By Joel Chacha/Nairobi/Kenya
Kenya’s tea industry has staged a resilient comeback, posting KSh 218.79 billion in total marketed value in 2025, as sweeping reforms, aggressive market expansion, and new regulations signal a decisive shift toward higher farmer earnings and global competitiveness.
Speaking at Rukuriri Tea Factory in Embu County during the official release of the 2025 Kenya Tea Industry Performance Report, Cabinet Secretary for Agriculture and Livestock Development, Sen. Mutahi Kagwe, declared the sector firmly back on a growth trajectory despite global economic shocks and market disruptions.
“This performance is not accidental. It is the result of deliberate reforms, market expansion, and a renewed focus on quality and value addition under the Bottom-Up Economic Transformation Agenda,” CS Kagwe said.
The 2025 performance comes against the backdrop of a turbulent global environment marked by the lingering effects of the Russia-Ukraine war, conflicts in Sudan and Yemen, and currency pressures.
Yet, Kenya’s tea sector expanded across all key indicators:
1. Export earnings rose to KSh 186.91 billion, up 2.87%
2. Export volumes hit 652.8 million kilograms, a 9.81% increase
3. Domestic sales grew to KSh 19.13 billion, up 6%
4. Total marketed value increased by 2% from 2024 and 11% from 2023
Even more significant was Kenya’s expanding global footprint, with tea reaching 100 international markets in 2025, up from 96 the previous year.
Traditional markets such as Pakistan and Egypt posted steady growth, while re-export hubs like the UAE and Oman surged — with Oman recording a remarkable 320% increase in volumes.
Emerging markets delivered the biggest breakthroughs, including Ireland (+454%), Japan (+287%) and Kazakhstan (+186%), underscoring Kenya’s aggressive diversification strategy.
The strong 2025 performance follows a difficult 2024 season when a bumper harvest, combined with carryover stocks from 2023, created a global glut of CTC tea, depressing prices.
Kagwe said the government has since shifted strategy — moving away from volume-driven exports to quality, value addition, and market segmentation.
“At the height of the glut, we made a choice — not to retreat, but to reform. What you are seeing now is the beginning of a smarter, more competitive tea economy,” CS Kagwe noted.

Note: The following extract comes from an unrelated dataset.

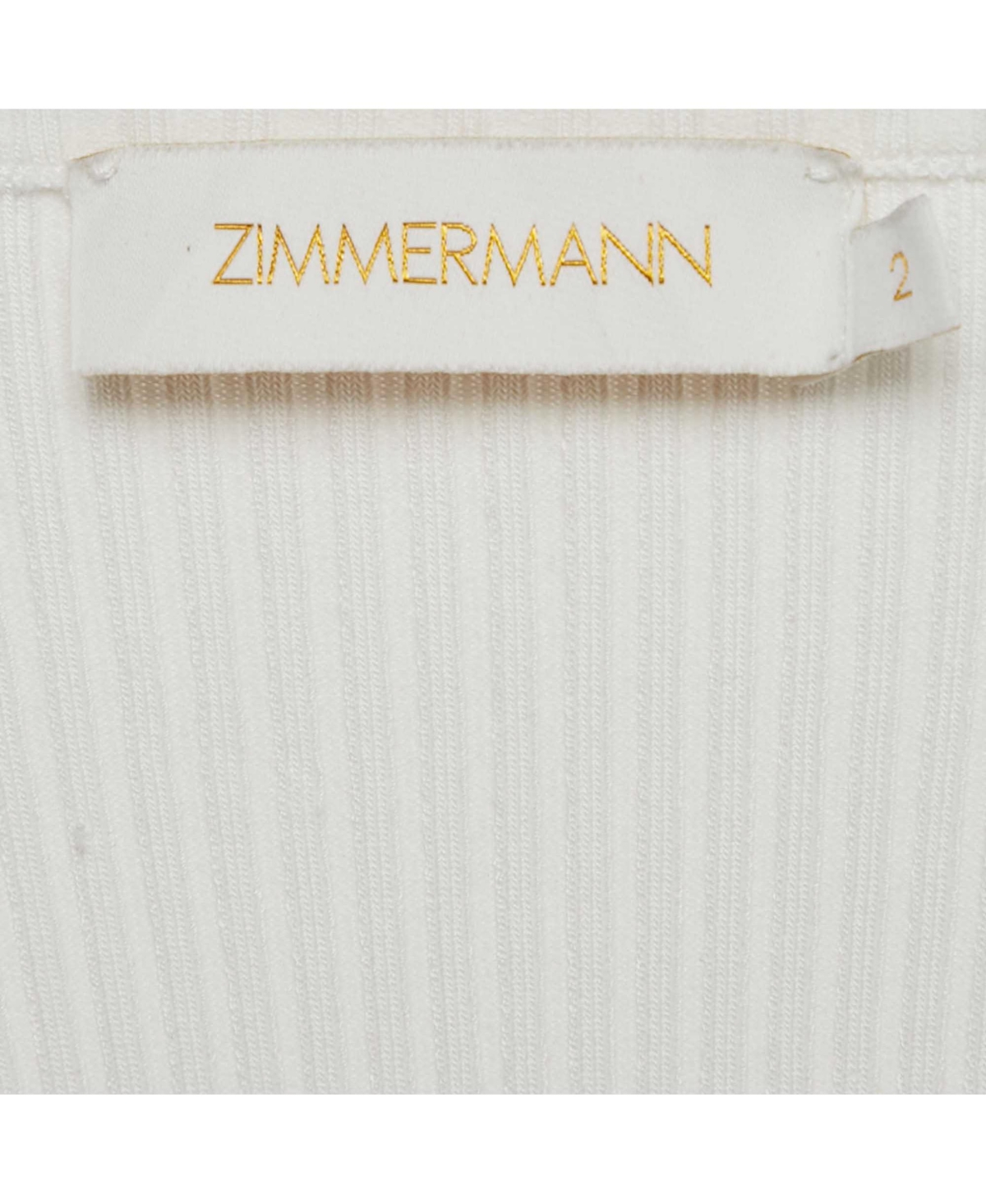 Pre-Owned Zimmermann Women's Rib Knit And Poplin Scoop Neck Long Dress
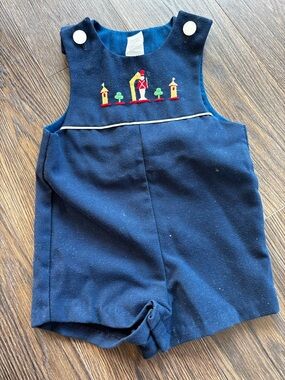 Navy Smocked Toy Soldier Shortall for Kids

In a bold regulatory move, CS Kagwe announced that he has signed into law two transformative frameworks:
1. The Tea (Registration and Licensing) Regulations, 2026
2. The Tea (Levy) Regulations, 2026
The new laws introduce full traceability and accountability across the tea value chain, targeting long-standing issues such as:Green leaf hawking,
Exploitation by middlemen, Delays in leaf collection and
Falsification of weighment.
For the first time, all actors; from farmers and factories to exporters and brokers — will be subject to a comprehensive registration and compliance regime, with stiff penalties for violations.
The regulations also tighten controls on tea imports to curb dumping of low-quality teas that undermine Kenya’s global pricing.
At the heart of the reforms is a 0.8% export levy on tea, designed to fund:
1. Global marketing and branding
2. Research and development
3. Infrastructure in tea-growing regions
4. Industry regulation and oversight
A 100% levy on imported tea has also been introduced as a protective measure.
CS Kagwe emphasized that the levy will not burden farmers, noting it is payable by exporters and importers, effectively positioning it as a consumer-side cost.
“For too long, Kenya has produced some of the best tea in the world but invested too little in marketing it. That changes now,” CS Kagwe said.
In a move to bypass traditional trading bottlenecks, the Tea Board of Kenya will launch an e-commerce B2B marketplace, directly linking producers to global buyers.
At the same time, Kenya is deepening trade diplomacy under frameworks such as the African Continental Free Trade Area (AfCFTA), securing value addition opportunities in markets like Egypt’s Alexandria Free Zone and expanding bilateral trade channels with Algeria and Morocco.
The reforms are ultimately aimed at delivering on a key BETA target — increasing smallholder earnings from KSh 59 per kilogram in 2022 to KSh 100 per kilogram by 2027.
With over 834,000 smallholder farmers and 6.5 million Kenyans dependent on the tea value chain, CS Kagwe framed the reforms as both an economic and social imperative.
The 2025 report signals more than recovery — it marks a structural reset of Kenya’s tea industry, shifting it toward quality, compliance, value addition, and global branding.
With new laws in force, fresh markets opening, and financing mechanisms secured, the sector is now positioning itself not just as the world’s leading black tea exporter — but as a premium global brand capable of commanding higher prices and delivering better returns to farmers.